すごいのは、これらの歴史的建造物の多くが現存していることだ。戦禍を免れたことが大きいだろう。メルボルンは、still marvelousだ。
メルボルンのカフェ巡りだけでも楽しそう!?
カフェ文化がすごい、と聞いていたが、街を歩いてすぐに納得した。日本にもカフェは多いが、ほとんどはチェーン店。メルボルンのカフェはほとんどが単独店で、スターバックスでさえ1軒しか見かけなかった。
それぞれの店頭にサンドイッチやラップ、タルト、デニッシュ、クロワッサンなど、おいしそうな食事をずらりと並べ、早朝から夕方までお客さんが休みなく入っている。カフェで消費される食事やコーヒーは、とんでもない量になるはずだ。
カフェばかりでなく、バーもすごい。夕方4時ともなれば、路上に出した客席がいっぱいになる。食事の前に飲むのか、すでにそれがディナーなのか? くわしくは分からないが、バーで消費されるワインの量もハンパじゃないだろう。
クルマで走る楽しさは、もしかしたらアメリカ以上かも
一方で、パキスタン人のタクシードライバーは、こうまくし立てた。
「物価が高すぎて生活ができない。とにかく家賃が高い。妻と息子はパキスタンに置いてきて、ひとりで生活しているんだ。小さなアパートだって高くて大変だ。とても家族一緒になんか住めない。野菜が高い、肉が高い、米が高い、ガソリンが高い。なんでもかんでも、ここ数年で高くなった。前はよかったが、今は本当に大変だ。え、ダーウィンは家賃が安い? あんな、クソ暑いところに住んでいられるか!」
たしかに、オーストラリアの物価は高かった。アウトバックを1000km走破した日の燃料代は3万円以上になった。しかし、2022年にアメリカを旅行したときに比べれば、物価高のショックは大きくなかった。もう、感覚が麻痺してしまったのかもしれない。

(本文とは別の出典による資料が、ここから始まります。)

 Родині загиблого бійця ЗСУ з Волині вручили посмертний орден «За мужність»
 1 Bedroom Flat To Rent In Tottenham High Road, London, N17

また、コアの観光地は人が多いが、それ以外のところはそうでもない。その日、宿泊する場所に困るようなストレスは、ほとんどなかった。クルマで走る楽しさも、もしかしたらアメリカ以上かもしれない。とにかく、空も大地もバカでかい。ぼくはこういうところが大好きだ。
みなさんも、次のドライブ旅行の候補にオーストラリアを考えてみてはいかがだろう。